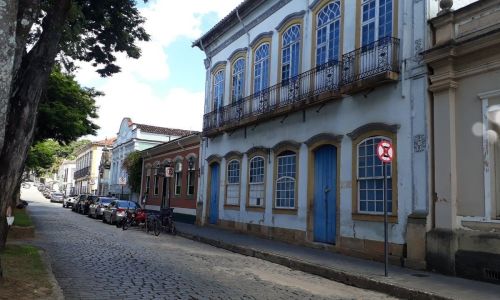 Incêndio foi no centro histórico de São João del-Rei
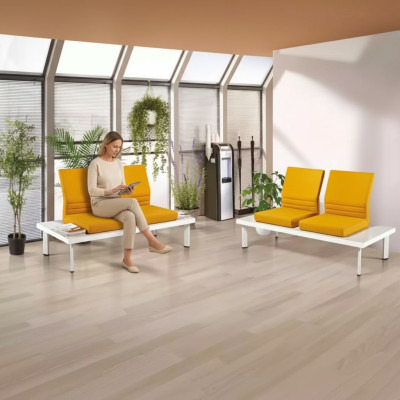 Office bank workroom benches office style modern waiting room law office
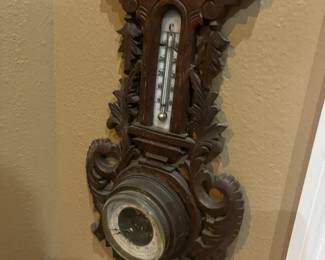 Vintage barometer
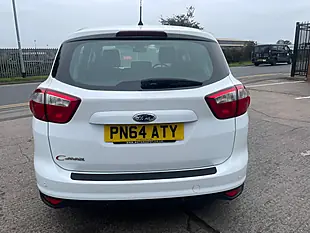 Used 2014 Ford C-Max Zetec White - Interior and Exterior details 6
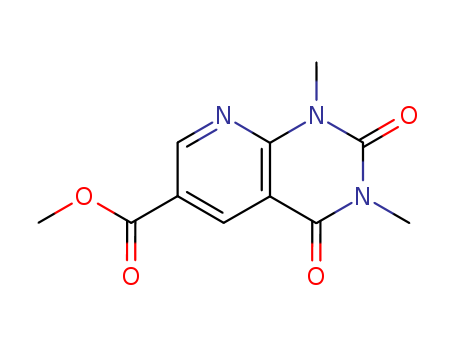 methyl 1,3-dimethyl-2,4-dioxo-1,2,3,4-tetrahydropyrido[2,3-d]pyrimidine-6-carboxylate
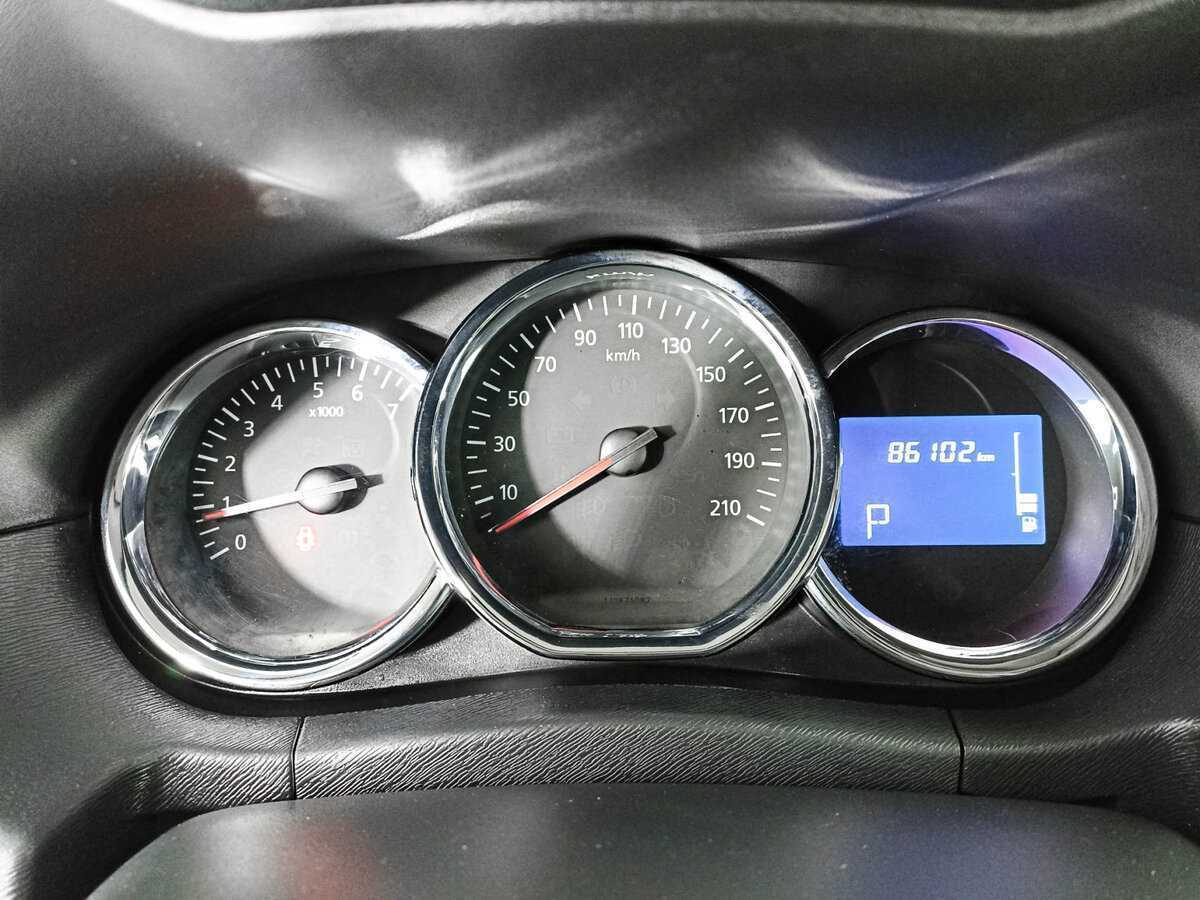 Nissan Terrano 2016 года с пробегом. Фото: #10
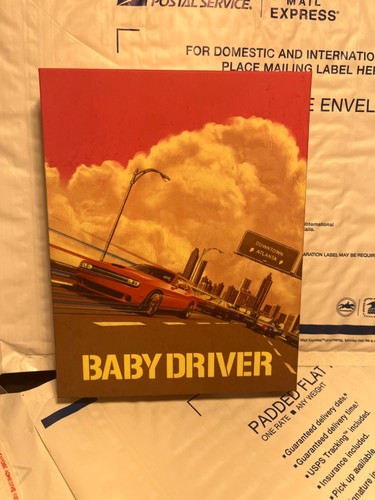Like new baby driver empty - like,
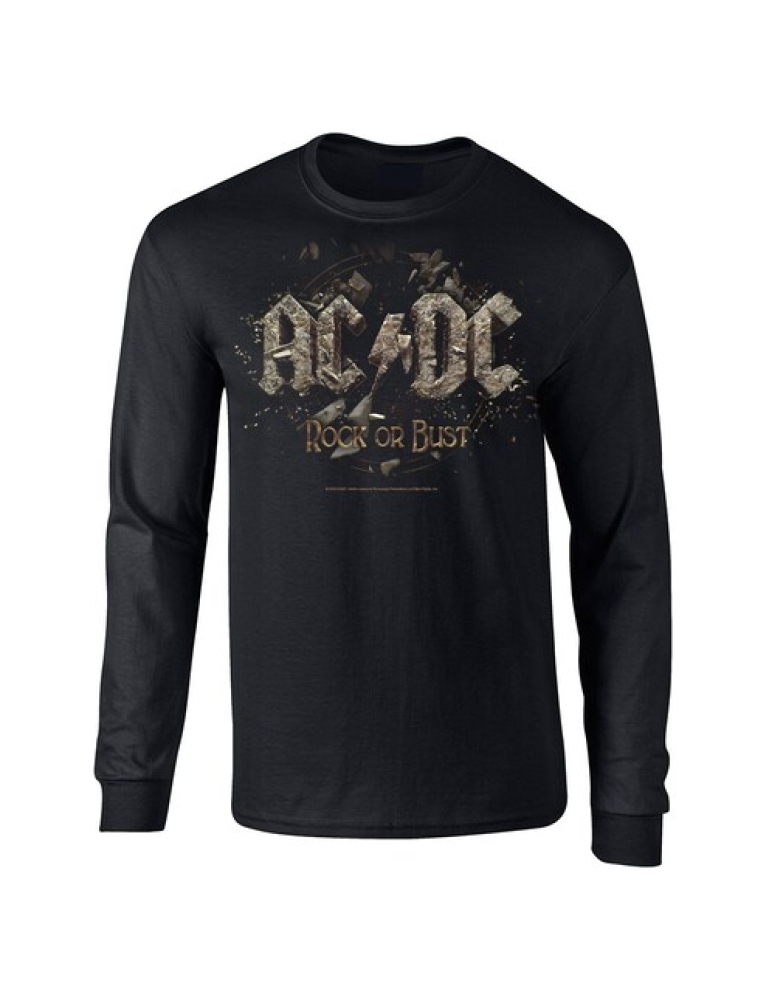 AC/DC Rock or bust Pitkähihainen T-Paita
^^^^^^^^^^^^^^^^
**About this exercise**
Would you write out every record word for word, leaving no picture in?

**Solution to this problem**
 Incêndio foi no centro histórico de São João del-Rei
 Office bank workroom benches office style modern waiting room law office
 Vintage barometer
 Used 2014 Ford C-Max Zetec White - Interior and Exterior details 6
 methyl 1,3-dimethyl-2,4-dioxo-1,2,3,4-tetrahydropyrido[2,3-d]pyrimidine-6-carboxylate
 Nissan Terrano 2016 года с пробегом. Фото: #10
Like new baby driver empty - like,
 AC/DC Rock or bust Pitkähihainen T-Paita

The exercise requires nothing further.